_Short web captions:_
+===+

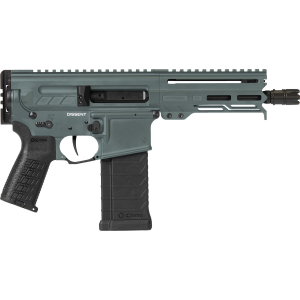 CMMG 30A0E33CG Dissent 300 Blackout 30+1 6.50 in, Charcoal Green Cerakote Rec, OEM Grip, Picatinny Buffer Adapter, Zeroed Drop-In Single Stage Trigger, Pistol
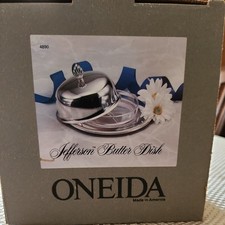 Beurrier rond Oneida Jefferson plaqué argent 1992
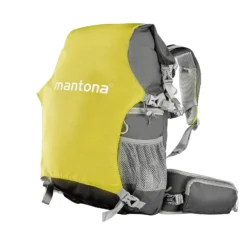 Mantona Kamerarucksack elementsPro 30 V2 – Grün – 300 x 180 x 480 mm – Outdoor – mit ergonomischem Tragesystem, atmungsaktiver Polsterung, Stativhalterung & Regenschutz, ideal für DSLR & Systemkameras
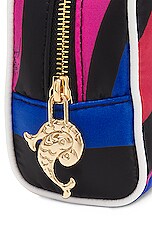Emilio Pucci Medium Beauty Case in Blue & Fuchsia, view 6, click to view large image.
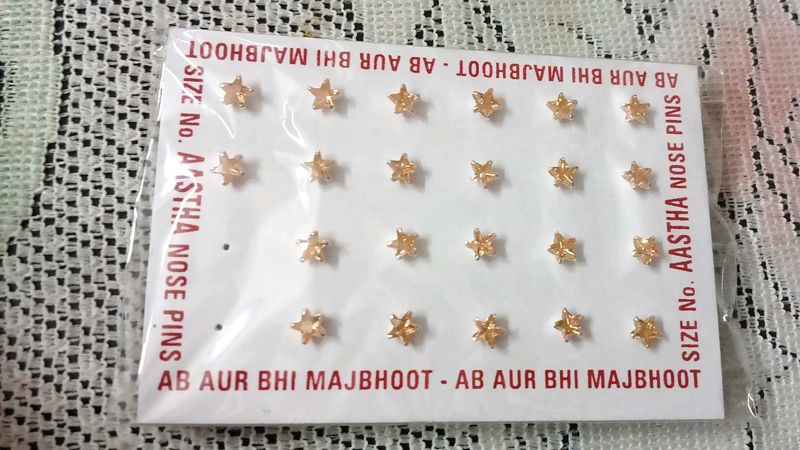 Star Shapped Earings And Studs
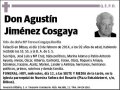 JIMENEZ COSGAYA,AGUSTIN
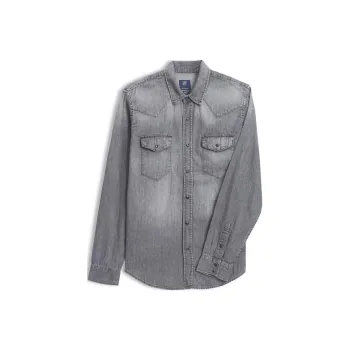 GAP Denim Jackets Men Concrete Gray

+===+

_Description of the task:_ Would you transcribe all of the data exactly, omitting any pictures?

_The answer:_
 CMMG 30A0E33CG Dissent 300 Blackout 30+1 6.50 in, Charcoal Green Cerakote Rec, OEM Grip, Picatinny Buffer Adapter, Zeroed Drop-In Single Stage Trigger, Pistol
 Beurrier rond Oneida Jefferson plaqué argent 1992
 Mantona Kamerarucksack elementsPro 30 V2 – Grün – 300 x 180 x 480 mm – Outdoor – mit ergonomischem Tragesystem, atmungsaktiver Polsterung, Stativhalterung & Regenschutz, ideal für DSLR & Systemkameras
Emilio Pucci Medium Beauty Case in Blue & Fuchsia, view 6, click to view large image.
 Star Shapped Earings And Studs
 JIMENEZ COSGAYA,AGUSTIN
 GAP Denim Jackets Men Concrete Gray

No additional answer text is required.